Libyan Migration And The EU’s ‘Policy Of Containment’


On Friday, CNN uncovered a video of Sudanese migrants kidnapped and tortured for ransom in Libya. The video showed victims being whipped while they begged their families to send money for their freedom.  After strong pressure from social media, Libyan Special Forces intervened and arrested four men found at the location and freed eight abductees. Many other unresolved incidents of extortion, enslavement, and torture of migrants traveling through Libya have also been reported.

Through a CNN investigation, money trails from the Libyan slave trade were found to link criminal gangs to a global network of transactions – drawing connections with countries as close as Niger and as far as Bangladesh. In an effort to mitigate these crimes, the European Union (EU) has made efforts to help the International Organization for Migration (IOM, a United Nations agency) to repatriate immigrants stuck in the northern African country and settle thousands of Libyan immigrants already in Europe. However, it is unclear how repatriation will decrease the need for emigration from Sub-Saharan Africa, and the subsequent result of migrants resorting to high-risk and illegal methods of migration.

Many migrants find that their only passage to the shores of Italy – and Europe in general – is from off the coast of Libya. They spend their life savings on paying smugglers for the passage. In this context, Amnesty International (AI) calls the EU’s ‘policy of containment’ as preventing the flow of migration, sending migrants to detainment camps within Libya, which, according to AI, consist of around 20,000 from Sub-Saharan Africa. Detainees are then subject to limited and inconsistent meals, are often denied access to bathrooms and showers, and are even forced to sleep on the ground (while also running a daily risk of being kidnapped and tortured with small hope for freedom). EU member-states, particularly Italy, help fund Libya’s coastguard to intercept smuggled migrants at sea, and give additional assistance to Libya’s Department for Combating Illegal Migration in order to detain them. While being detained, migrants are exposed to organized crime and systematic violations of human rights at the hands of their own authorities via torture, extortion, and slavery. According to CNN, some detainees and migrants are kidnapped and sold into the Libyan slave trade for as little as $400 USD.
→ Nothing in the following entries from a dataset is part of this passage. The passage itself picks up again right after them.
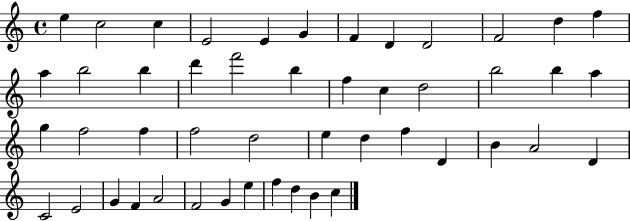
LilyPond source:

{
  \clef treble
  \time 4/4
  \defaultTimeSignature
  \key c \major
  e''4 c''2 c''4 | e'2 e'4 g'4 | f'4 d'4 d'2 | f'2 d''4 f''4 | \break a''4 b''2 b''4 | d'''4 f'''2 b''4 | f''4 c''4 d''2 | b''2 b''4 a''4 | \break g''4 f''2 f''4 | f''2 d''2 | e''4 d''4 f''4 d'4 | b'4 a'2 d'4 | \break c'2 e'2 | g'4 f'4 a'2 | f'2 g'4 e''4 | f''4 d''4 b'4 c''4 | \break \bar "|."
}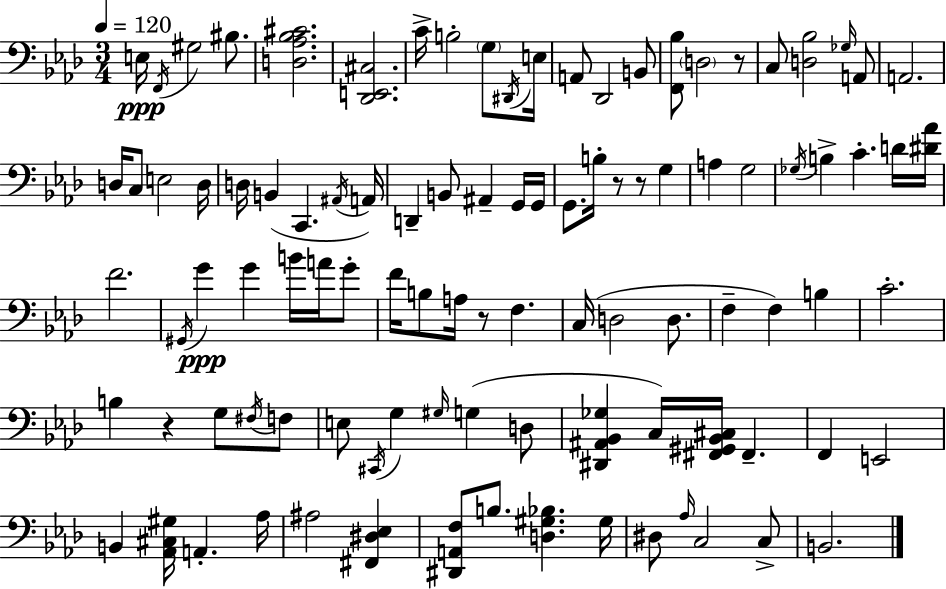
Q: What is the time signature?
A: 3/4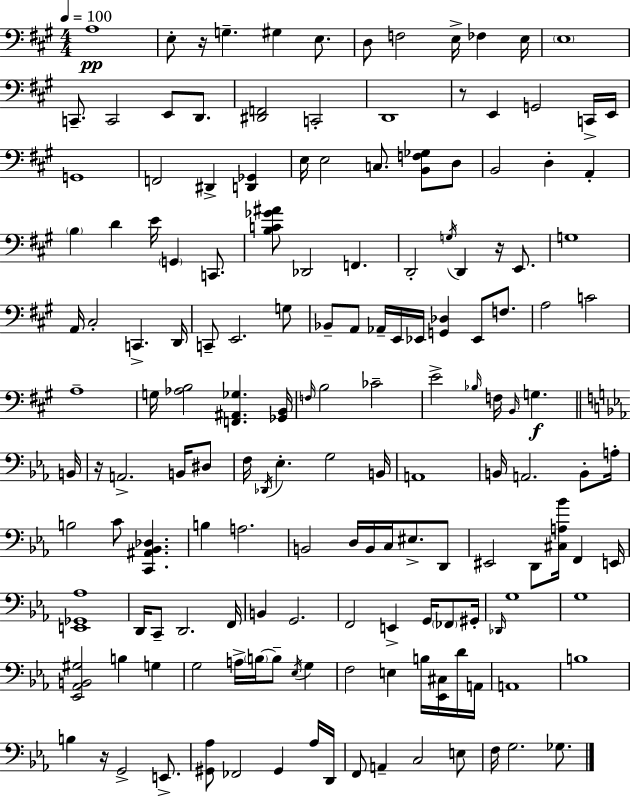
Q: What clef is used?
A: bass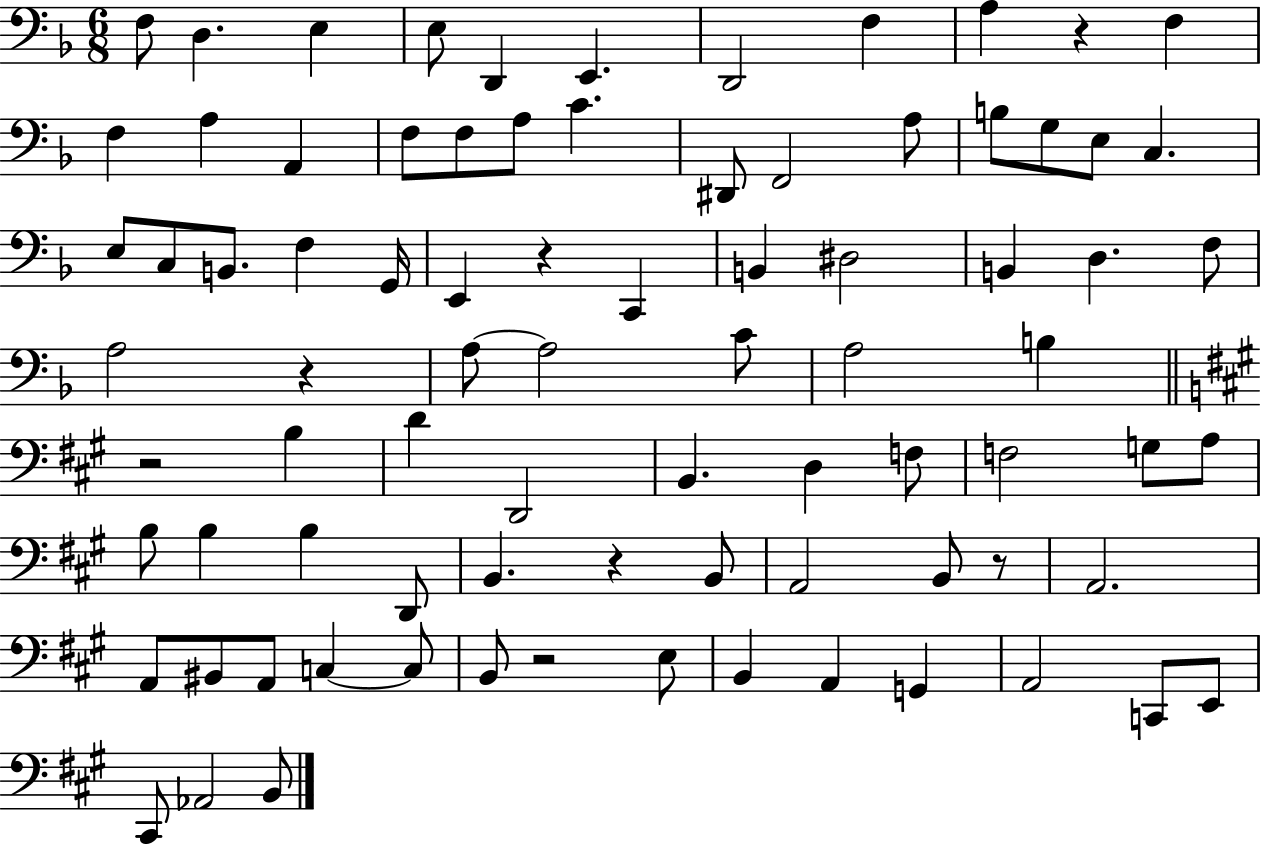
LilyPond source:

{
  \clef bass
  \numericTimeSignature
  \time 6/8
  \key f \major
  f8 d4. e4 | e8 d,4 e,4. | d,2 f4 | a4 r4 f4 | \break f4 a4 a,4 | f8 f8 a8 c'4. | dis,8 f,2 a8 | b8 g8 e8 c4. | \break e8 c8 b,8. f4 g,16 | e,4 r4 c,4 | b,4 dis2 | b,4 d4. f8 | \break a2 r4 | a8~~ a2 c'8 | a2 b4 | \bar "||" \break \key a \major r2 b4 | d'4 d,2 | b,4. d4 f8 | f2 g8 a8 | \break b8 b4 b4 d,8 | b,4. r4 b,8 | a,2 b,8 r8 | a,2. | \break a,8 bis,8 a,8 c4~~ c8 | b,8 r2 e8 | b,4 a,4 g,4 | a,2 c,8 e,8 | \break cis,8 aes,2 b,8 | \bar "|."
}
The EU denies that it has had a negative impact on the current migration crisis in Libya, mainly due to its efforts to repatriate those in detainment camps back to their home countries. Moreover, the EU intends to send home 15,000 of the 20,000 currently detained. However, as post-colonial Africa struggles with war and attempts to find peace despite the implementation of democracy, individuals and families alike are desperate to leave their homelands to find a better life in Europe. Securing the borders of Libya and increasing efforts to detain and repatriate smuggled migrants ignores the origin of this conflict, and the consequences of denying migrants’ rights. Preventing migration in Libya is seen by non-government organizations and human rights activists as a serious humanitarian issue. John Dalhuisen, Director of Amnesty International’s Europe and Central Asia programme, states that “European governments must rethink their cooperation with Libya on migration and enable people to get to Europe through legal pathways, including by resettling tens of thousands of refugees.” If Libya were to formally recognize the United Nations High Commissioner for Refugees’ (UNHCR) mandate, sign the Refugee Convention, and adopt asylum law, migrants and refugees could have higher hopes for escaping the atrocities and corruption that surround them.